Validity is central in research because it assures the accuracy of data that a certain instrument measures. Essentially, validity refers to the ability of a research instrument to measure a given variable with accuracy while eliminating the existence of confounding variables (Thyer, 2010). Normally, there are three types of validity, viz. content validity, empirical validity, and construct validity (McBurney & White, 2009). Content validity is the ability of the research instrument to cover all variables of a given phenomenon. In this case, since the study seeks to measure the influence of sources of funds on the financial sustainability of the library, it will enhance the content validity of the study by analyzing all sources of funds and classifying their sustainability using an accurate Likert scale. The dependent and independent variables should have causal relationships to enhance content validity (Stevens, 2006). Thus, the independent and dependent variables must cover all factors that mediate their relationships.

Empirical validity is a critical form of validity because it measures the ability of a research instrument to provide empirical outcomes. According to Groves (2005), empirical validity is the extent to which the dependent variable correlates with an observable variable. In this view, the financial sustainability of the library (dependent variable) must correlate with the quality of services that the library offers (observable variable). Thus, to increase the empirical validity, the study should ensure that the categorization of funds into unsustainable, low sustainability, and high sustainability is accurate enough to provide the empirical application. Empirical validity allows the prediction of outcomes, and thus forms the theoretical basis of research (Connaway & Powell, 2010). Predictably, diverse sources of funds would enhance the financial sustainability of the library. Moreover, a great deal of funds guarantees the financial sustainability of the library. Accurate estimation of funds necessary to enhance the sustainability of the library would increase the empirical validity of the study.

Construct validity measures the relationships between independent and dependent variables. Construct validity seeks to determine if a given construct can accurately predict the trend of another construct (Goldenberg, 2008). A construct that can effectively predict another construct has a high level of construct validity, while a construct that partially predicts another construct has a low level of construct validity. In the case study, the sources of funds should predict the financial sustainability of the library. To enhance construct validity, the study will ensure that it considers major sources of funds, which the library relies on providing quality services to the clients. Mackey and Gass (2005) argue that the use of multiple estimates of a certain construct would enhance construct validity. Fundamentally, sources of funds should be diverse while prediction of financial sustainability of the library should be reasonable.
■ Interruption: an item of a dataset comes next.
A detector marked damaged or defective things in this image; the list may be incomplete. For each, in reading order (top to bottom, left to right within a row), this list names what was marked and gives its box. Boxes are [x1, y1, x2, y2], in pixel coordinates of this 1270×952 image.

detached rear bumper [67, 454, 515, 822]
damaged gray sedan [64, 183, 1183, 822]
## Reliability of Measurement

Reliability of measures refers to the consistency of the findings when measured at different times. Meyer (2010) defines reliability as “the degree of the test score consistency over many replications of a test or performance of a task” (p. 4). The measurement is reliable if it provides the same findings, which are independent of time. To enhance the reliability of the survey, the study will design a questionnaire that measures all sources of funds. Since sources of funds form an independent variable, they determine the accuracy of the data that the study collects, and consequently reliability. In the development of questionnaires, the questions should not be ambiguous to enhance the consistency of responses (Andrew, Pedersen, & McRvoy, 2011). Therefore, the study should ensure that the questionnaire focuses on all aspects of the independent variable (sources of funds) to enhance precision. Since the independent variable predicts the trend of the dependent variable, its development in the questionnaire should be reliable.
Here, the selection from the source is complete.